Work task = Only the text of the records belongs in the answer, copied exactly and without pictures.

Provided data =
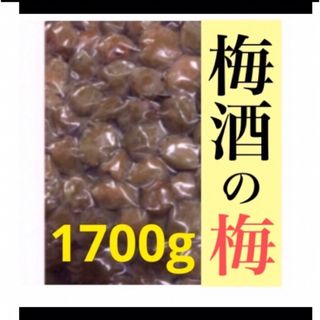 ウ）梅酒の梅 １７００ｇ 訳あり 和歌山県産梅使用(フルーツ)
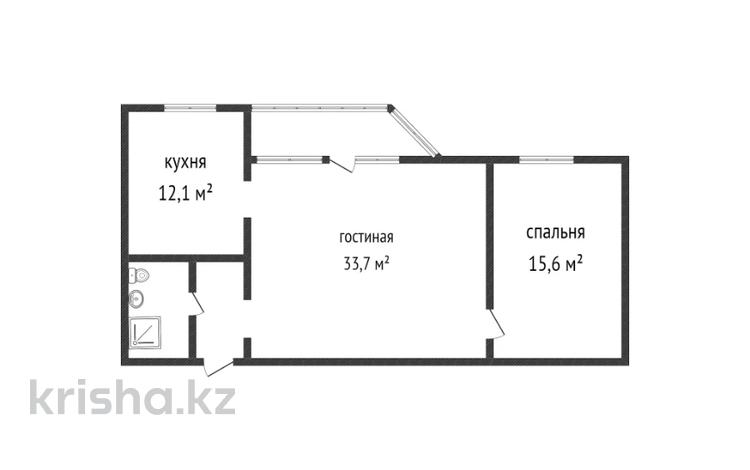 2-комнатная квартира · 71.9 м² · 9/10 этаж, Базовая 2/6 за 39 млн 〒 в Усть-Каменогорске — фото 30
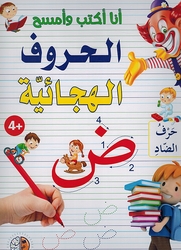 Ana 'Aktub wa 'Amsah al-Huruf al-Hjaiya انا اكتب وامسح الحروف الهجائيّة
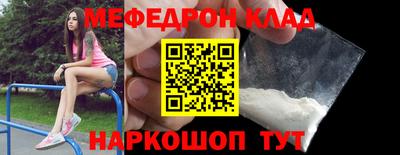 кокаин премиум Ипатово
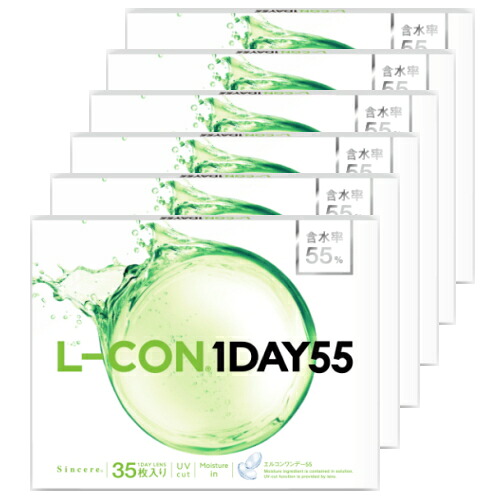 【貨物輸送無料！35枚x6箱】エルコンワンデー55 L-CON 1DAY 55 コンタクトレンズ 一デー 1日使い捨て 35枚入り口・入口 6箱 含水率55% 210枚
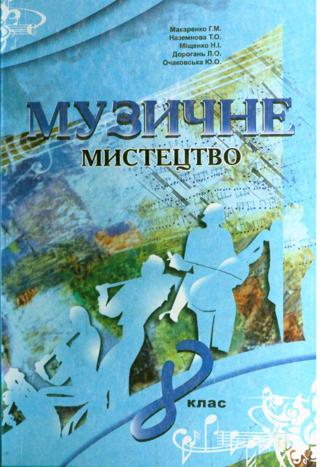Музичне мистецтво (Макаренко, Наземнова, Міщенко) 8 клас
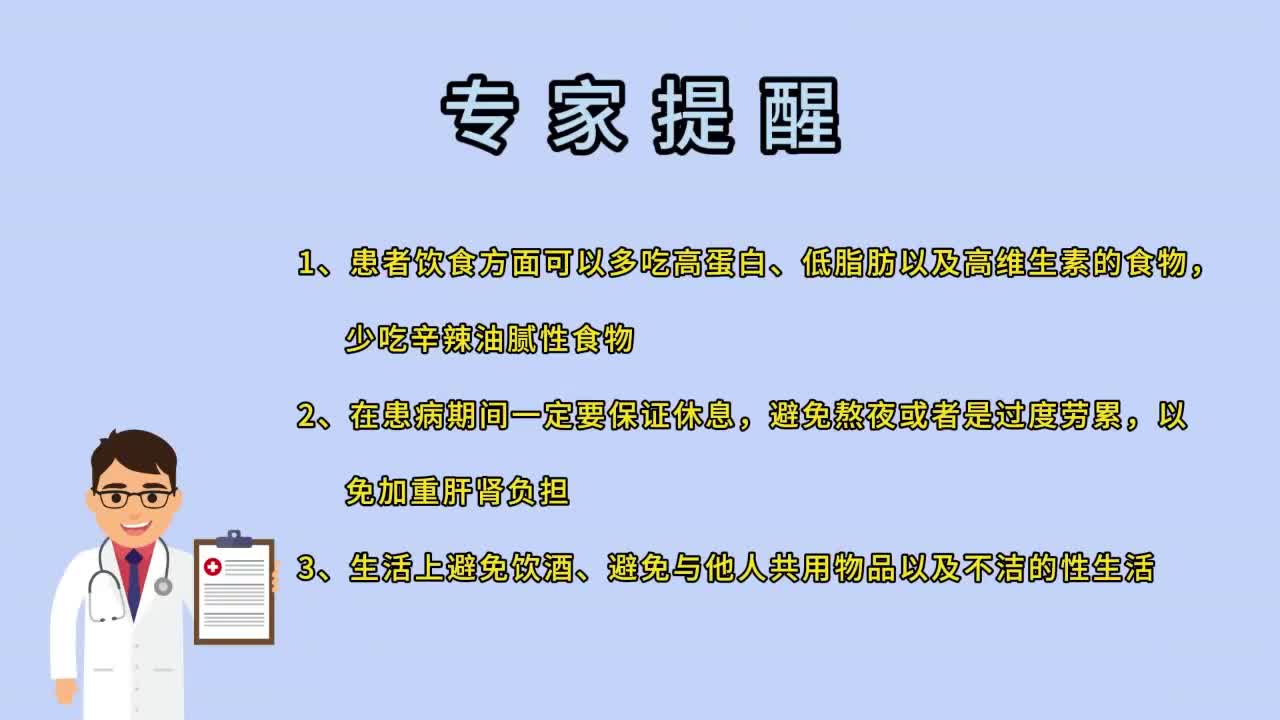 保护肝脏健康 科学阻断丙肝传播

Response to the task =
 ウ）梅酒の梅 １７００ｇ 訳あり 和歌山県産梅使用(フルーツ)
 2-комнатная квартира · 71.9 м² · 9/10 этаж, Базовая 2/6 за 39 млн 〒 в Усть-Каменогорске — фото 30
 Ana 'Aktub wa 'Amsah al-Huruf al-Hjaiya انا اكتب وامسح الحروف الهجائيّة
 кокаин премиум Ипатово
 【貨物輸送無料！35枚x6箱】エルコンワンデー55 L-CON 1DAY 55 コンタクトレンズ 一デー 1日使い捨て 35枚入り口・入口 6箱 含水率55% 210枚
Музичне мистецтво (Макаренко, Наземнова, Міщенко) 8 клас
 保护肝脏健康 科学阻断丙肝传播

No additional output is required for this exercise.